Maryam Rajavi, nel suo messaggio ha continuato: “l’Organizzazione dei Mojahedin del popolo iraniano (PMOI), il gruppo principale del CNRI crede in un Islam democratico e tollerante con decine di anni lotta contro gli impostori e contro la dittatura religiosa alle spalle, ne è l’antitesi ideologica e politica ed è il più efficace peso sociale di fronte ai mullà. La nazione irachena considera la PMOI sua alleata nella lotta contro il fondamentalismo e il terrorismo esportato dal regime iraniano. 5,2 milioni di iracheni in un documento hanno dichiarato come la PMOI è una diga di fronte alla penetrazione dell’integralismo islamica in Iraq. Secondo molte personalità e molti partiti iracheni la PMOI negli ultimi quattro anni ha avuto un ruolo molto importante nello sviluppo del progresso politico in Iraq”.

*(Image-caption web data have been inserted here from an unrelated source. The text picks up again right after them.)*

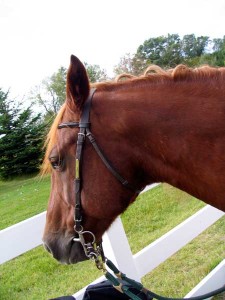 horse in bridle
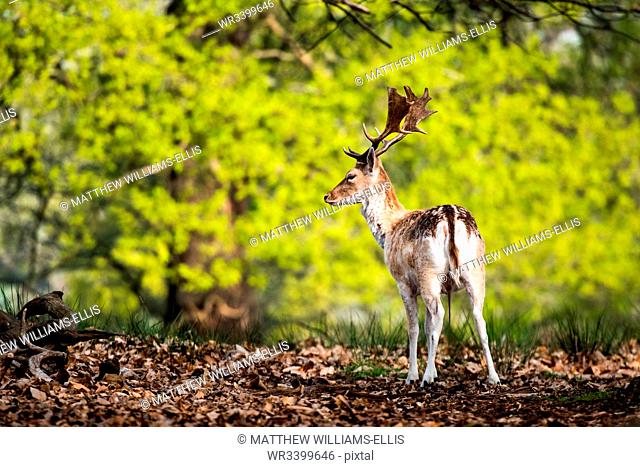 Roe Deer in Richmond Park, London, England, United Kingdom, Europe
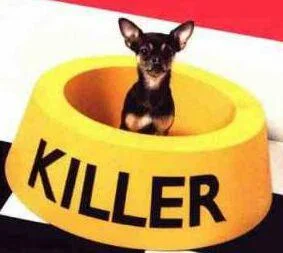 killerfunnydog-1.webp
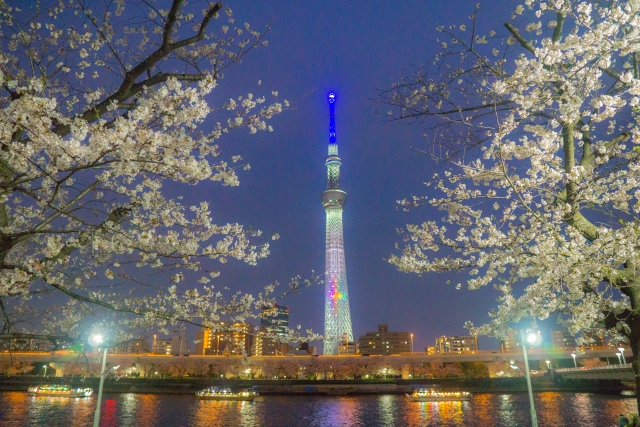 도쿄 야경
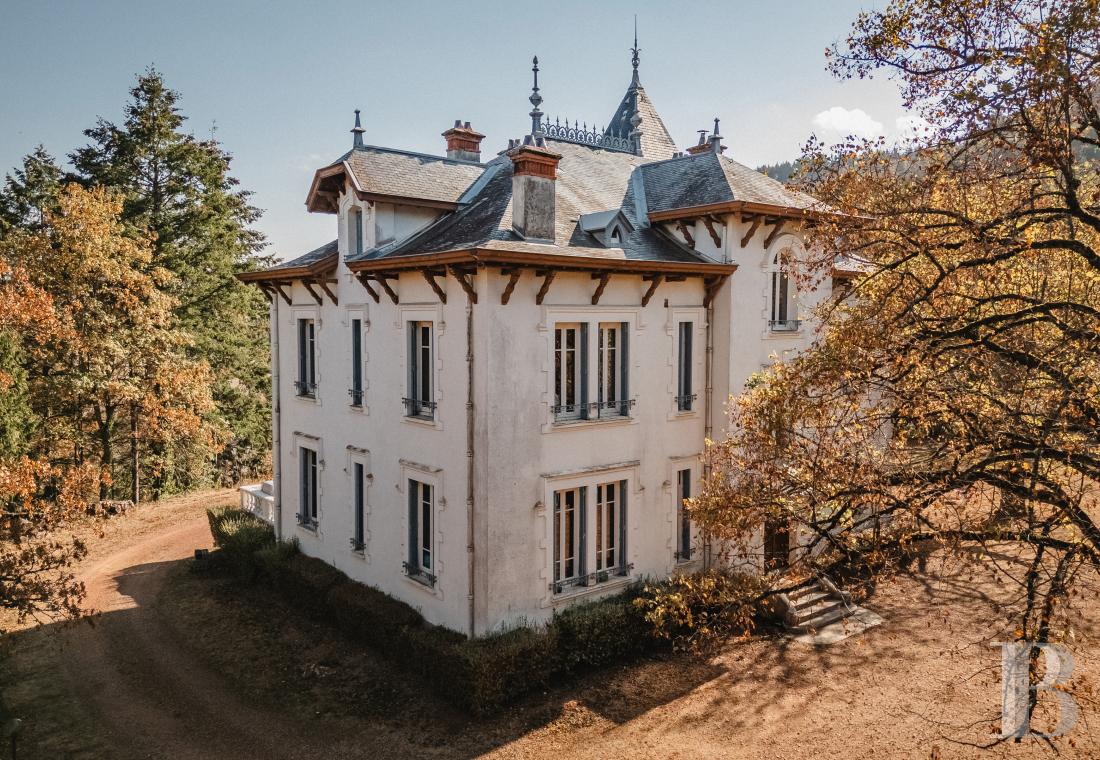 residences and character houses france rhones alps   - 4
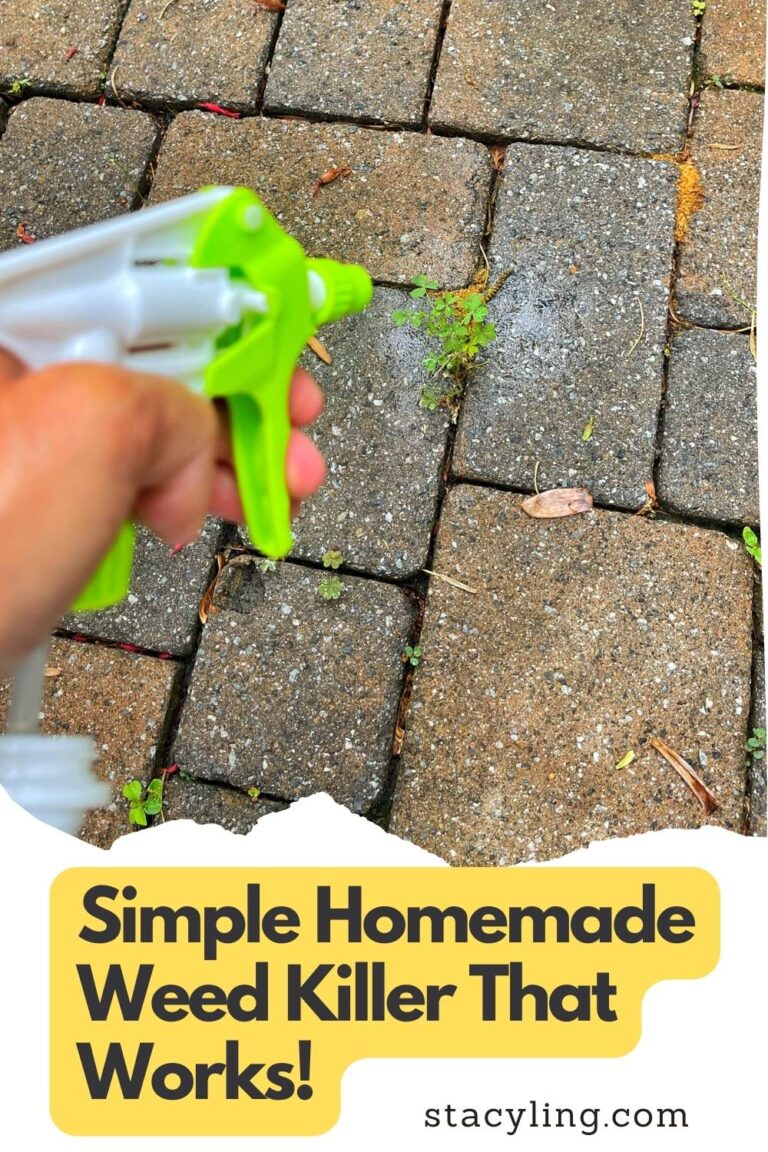 Simple Recipe for Homemade Weed Killer That Works - Stacy Ling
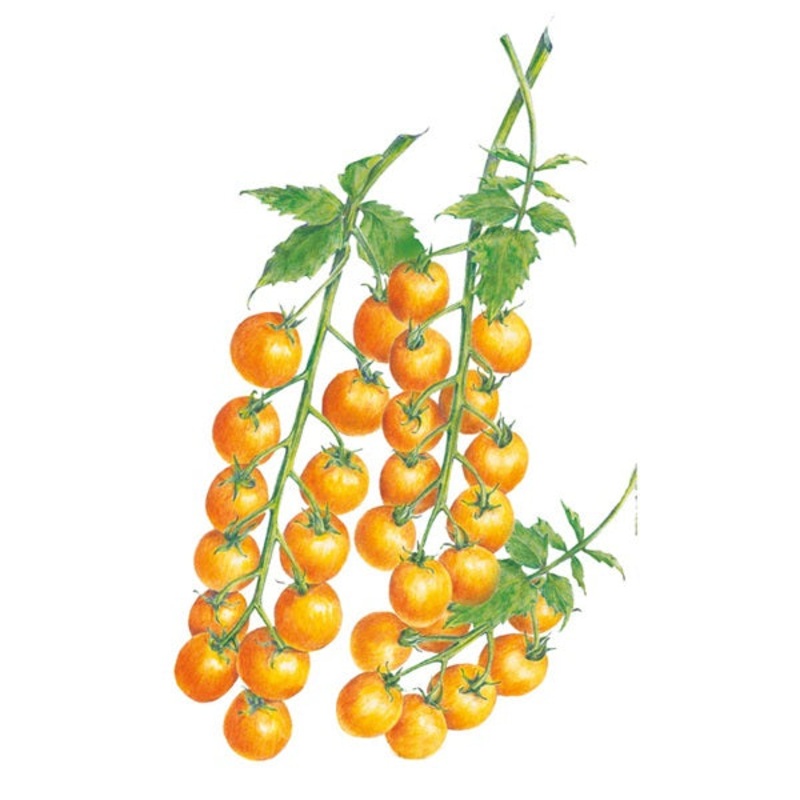 Sun Gold Pole Cherry Tomato Seed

Presidente eletta del CNRI ha concluso il suo messaggio ha auspicato che i rappresentanti del popolo americano e tutte le personalità lungimiranti che sostengono una politica giusta per la crisi irachena di sostengano il cambiamento democratico in Iran da parte del popolo iraniano e dalla sua resistenza organizzata, Maryam Rajavi ha chiesto i loro sforzi per terminare le ingerenze del regime iraniano, che è la richiesta della maggioranza degli iracheni, dall’Iraq.